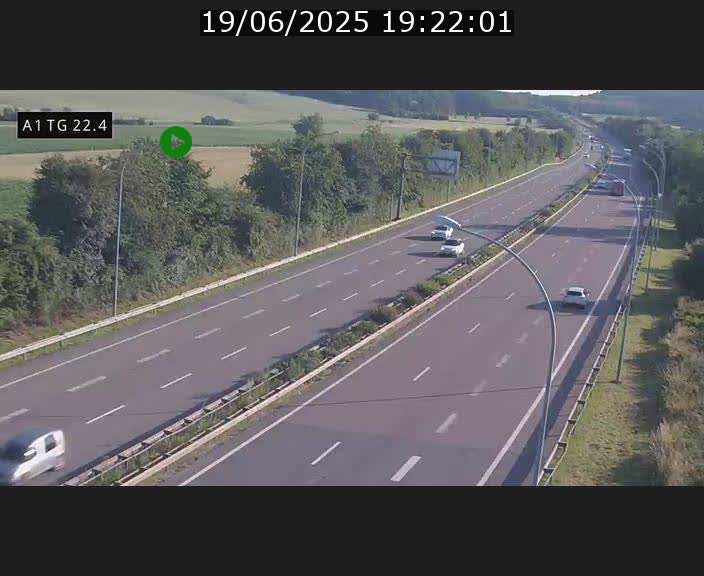Traffic live webcam Luxembourg Flaxweiler - A1 direction Luxembourg - BK 22.4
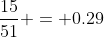 \frac{15}{51} = 0.29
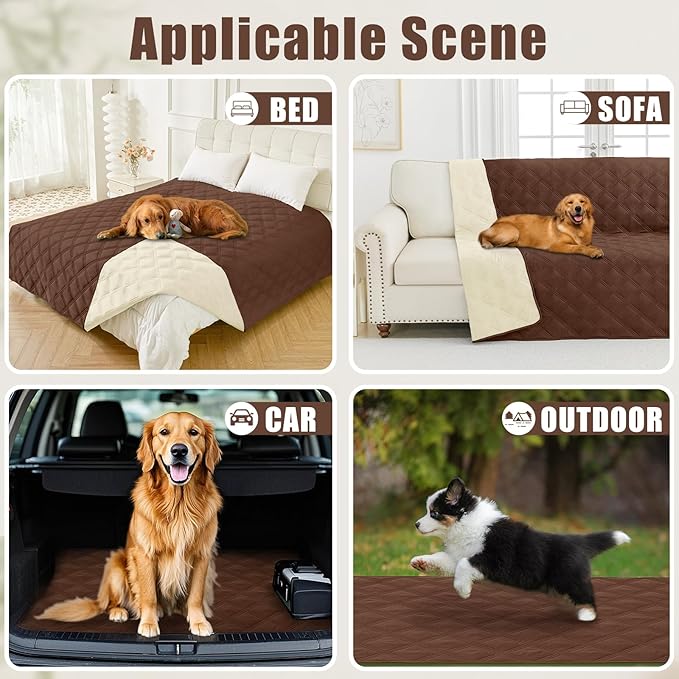 Smiry Waterproof Dog Bed Cover Blanket 52x82, Soft Reversible Pet Blanket, Washable Leakproof Cats Dogs Couch Cover for Sofa, Couch, Furniture, Lattice, Brown/Beige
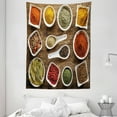 thumbnail image 1 of Spice Tapestry, Individual Kinds of Aromas on a Wooden Table Spoons and Bowls Natural and Traditional, Wall Hanging for Bedroom Living Room Dorm Decor, 60W X 80L Inches, Multicolor, by Ambesonne, 1 of 2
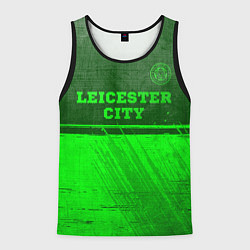 Майка-безрукавка мужская Leicester City - green gradient посередине, цвет: 3D-черный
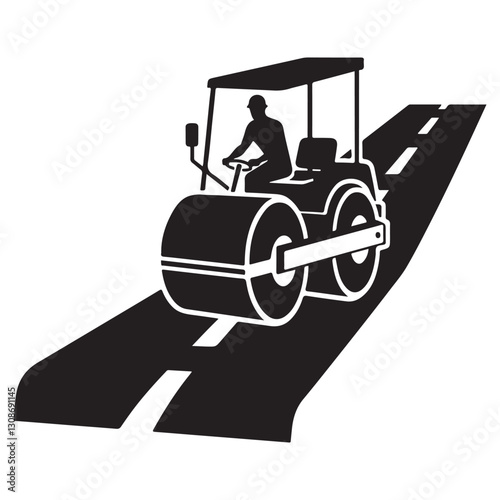 Effective road construction worker operating a large road roller machine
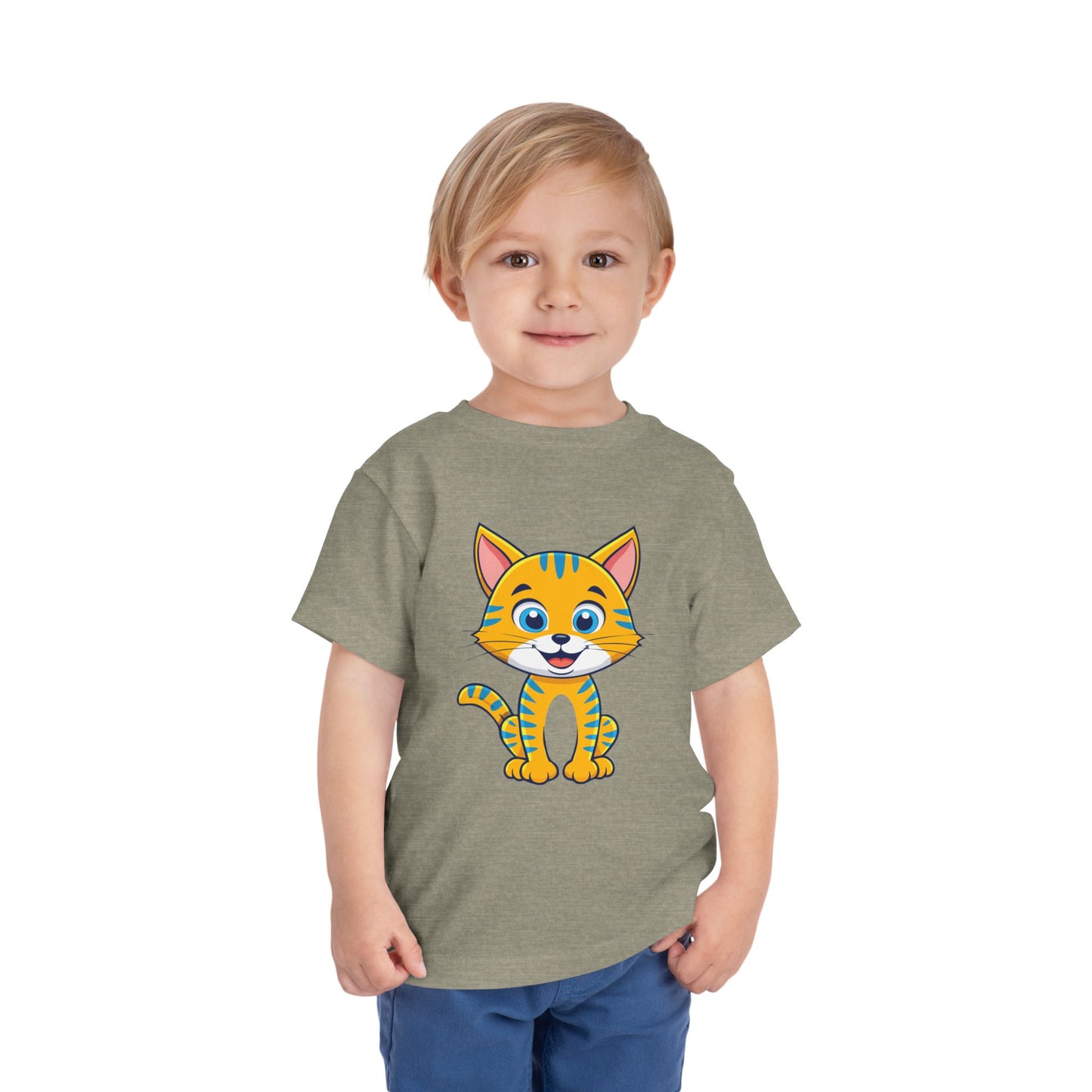 Bonita camiseta de manga corta para niños pequeños con gato: adorable camiseta con gráfico de gatito para niños (2 a 5 años)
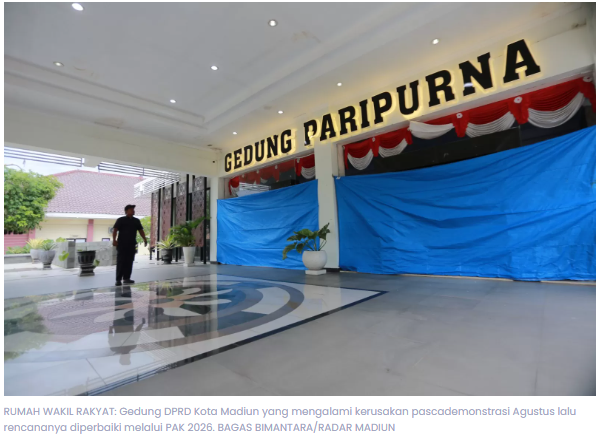 Gedung DPRD Kota Madiun Rusak Imbas Demo, Rehab Tunggu PAK 2026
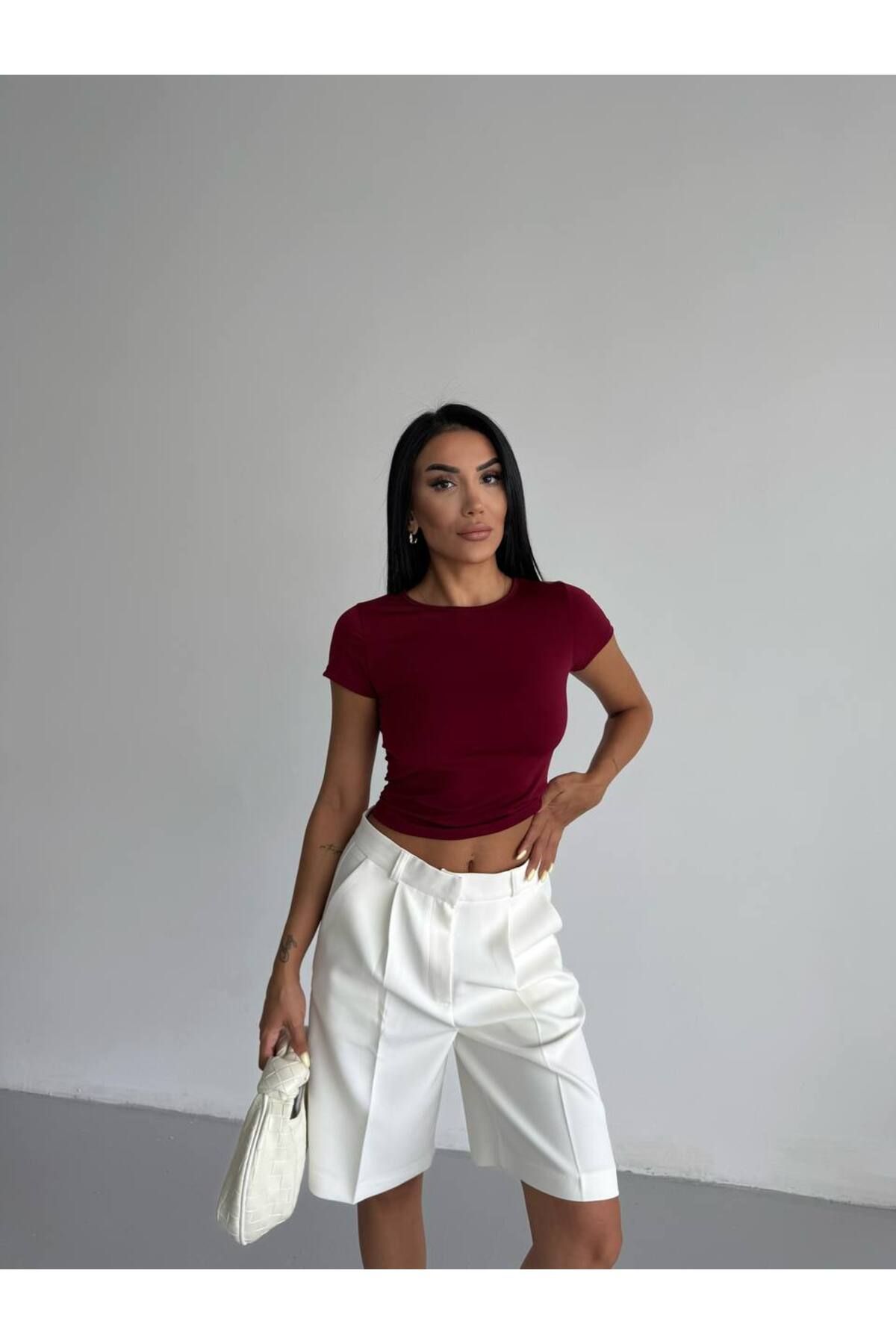 trendhazan A KALİTE KISA KOL BİSİKLET YAKA SANDY KUMAŞ CROP-TİŞÖRT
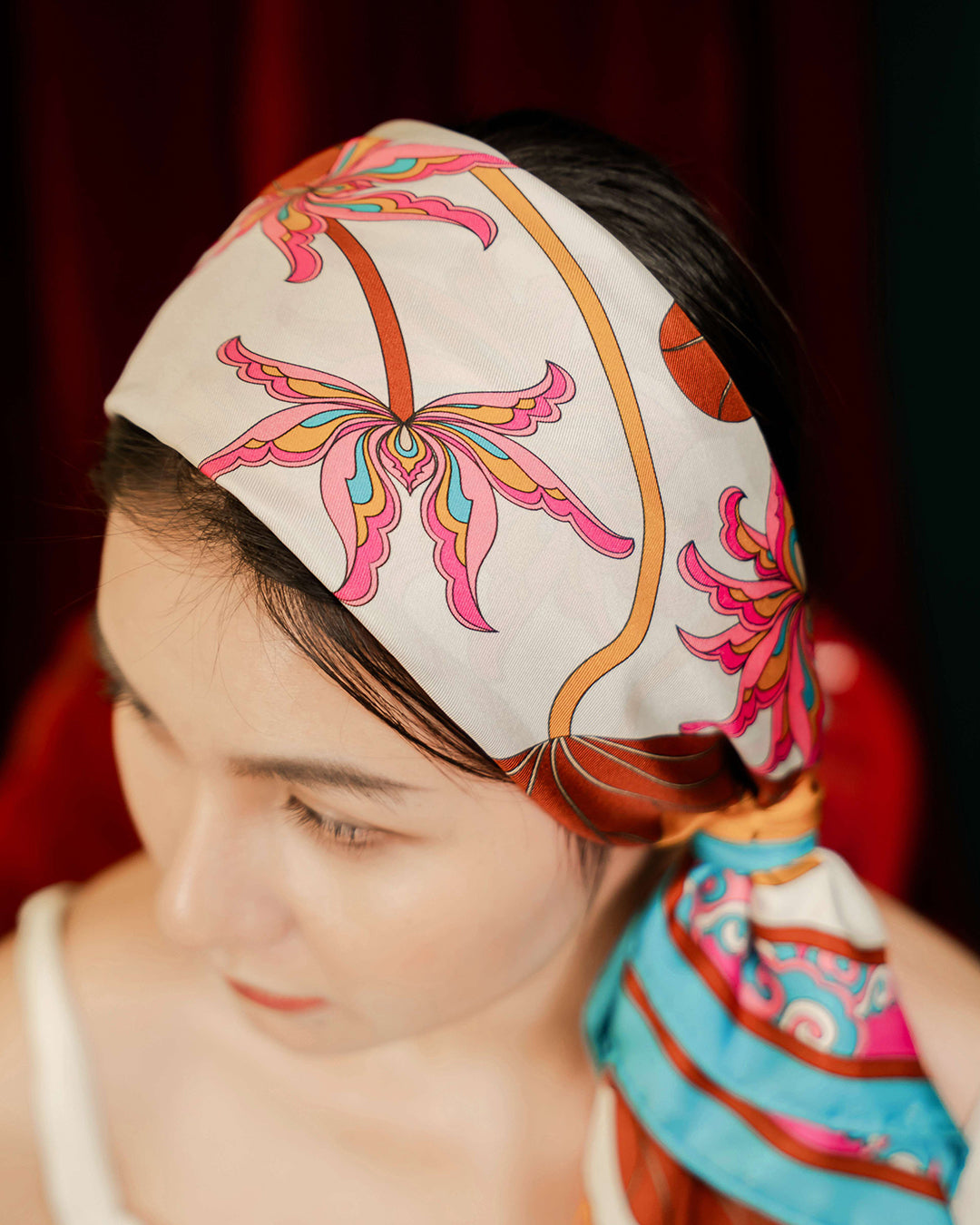 Lotus Serenade Silk Scarf / Brown & Pink / 110x110cm / 44x44in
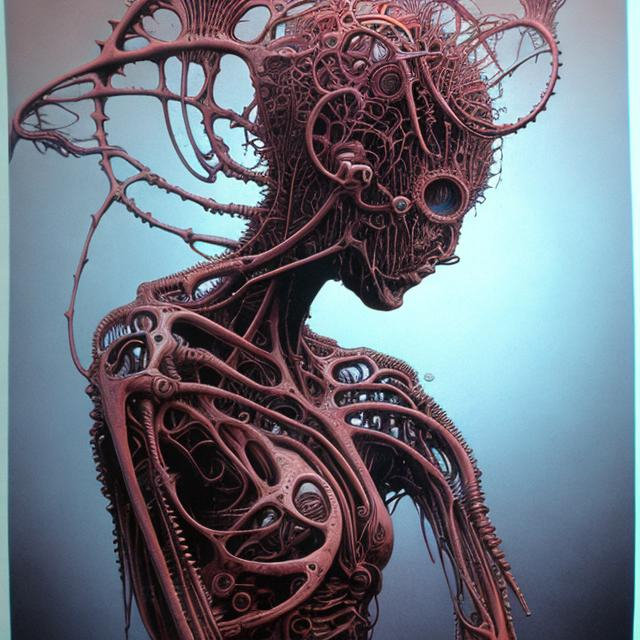 Prompt: print of a carnal biomechanical female figure inspired by Zdzisław Beksiński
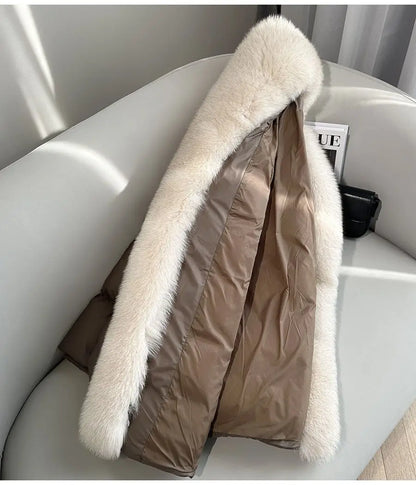High end Faux Fox fur detachable Large Lapel fur Down Jacket For women 2025 Winter New Medium long Loose White goose Down Coats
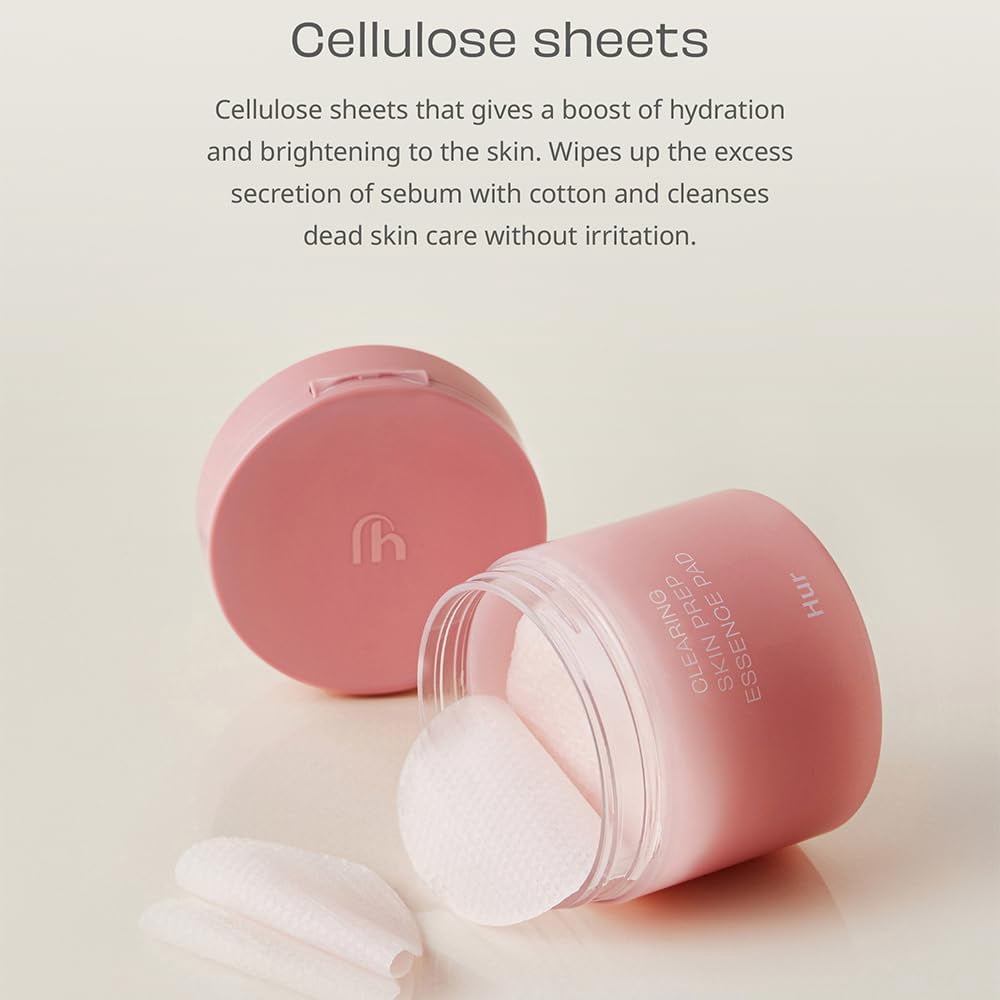 House of Hur Clearing Skin Prep Essence Pad (70 pads) - Water-based Essence, Red Beet Extract, Soothing, Minimizes Pores, Prevents Blemishes, Mild Peeling Effect, Dissolve Excess Sebum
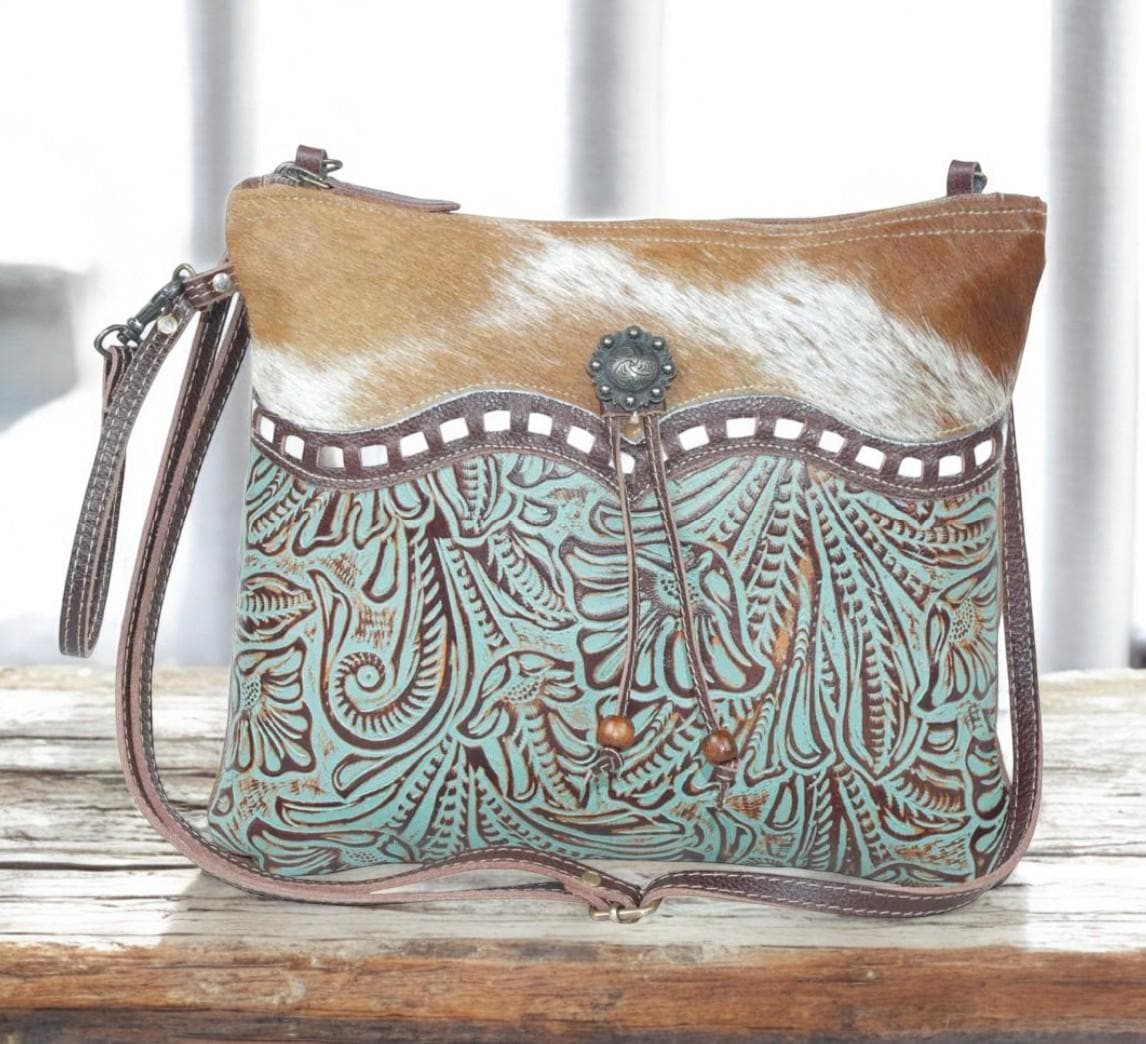Myra Bag Handmade Padauk Hand Tooled Bag Upcycled Canvas & Cowhide Leather Amazon.com: Myra Bag Dual Strap Cowhide & Upcycled Canvas  main image 4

* [WHAT TO DO] Set down the records again verbatim, with no pictures.

* [ANSWER TO THE EXERCISE]
Traffic live webcam Luxembourg Flaxweiler - A1 direction Luxembourg - BK 22.4
 \frac{15}{51} = 0.29
 Smiry Waterproof Dog Bed Cover Blanket 52x82, Soft Reversible Pet Blanket, Washable Leakproof Cats Dogs Couch Cover for Sofa, Couch, Furniture, Lattice, Brown/Beige
 thumbnail image 1 of Spice Tapestry, Individual Kinds of Aromas on a Wooden Table Spoons and Bowls Natural and Traditional, Wall Hanging for Bedroom Living Room Dorm Decor, 60W X 80L Inches, Multicolor, by Ambesonne, 1 of 2
 Майка-безрукавка мужская Leicester City - green gradient посередине, цвет: 3D-черный
 Effective road construction worker operating a large road roller machine
 Bonita camiseta de manga corta para niños pequeños con gato: adorable camiseta con gráfico de gatito para niños (2 a 5 años)
 Gedung DPRD Kota Madiun Rusak Imbas Demo, Rehab Tunggu PAK 2026
 trendhazan A KALİTE KISA KOL BİSİKLET YAKA SANDY KUMAŞ CROP-TİŞÖRT
 Lotus Serenade Silk Scarf / Brown & Pink / 110x110cm / 44x44in
 Prompt: print of a carnal biomechanical female figure inspired by Zdzisław Beksiński
High end Faux Fox fur detachable Large Lapel fur Down Jacket For women 2025 Winter New Medium long Loose White goose Down Coats
 House of Hur Clearing Skin Prep Essence Pad (70 pads) - Water-based Essence, Red Beet Extract, Soothing, Minimizes Pores, Prevents Blemishes, Mild Peeling Effect, Dissolve Excess Sebum
Myra Bag Handmade Padauk Hand Tooled Bag Upcycled Canvas & Cowhide Leather Amazon.com: Myra Bag Dual Strap Cowhide & Upcycled Canvas  main image 4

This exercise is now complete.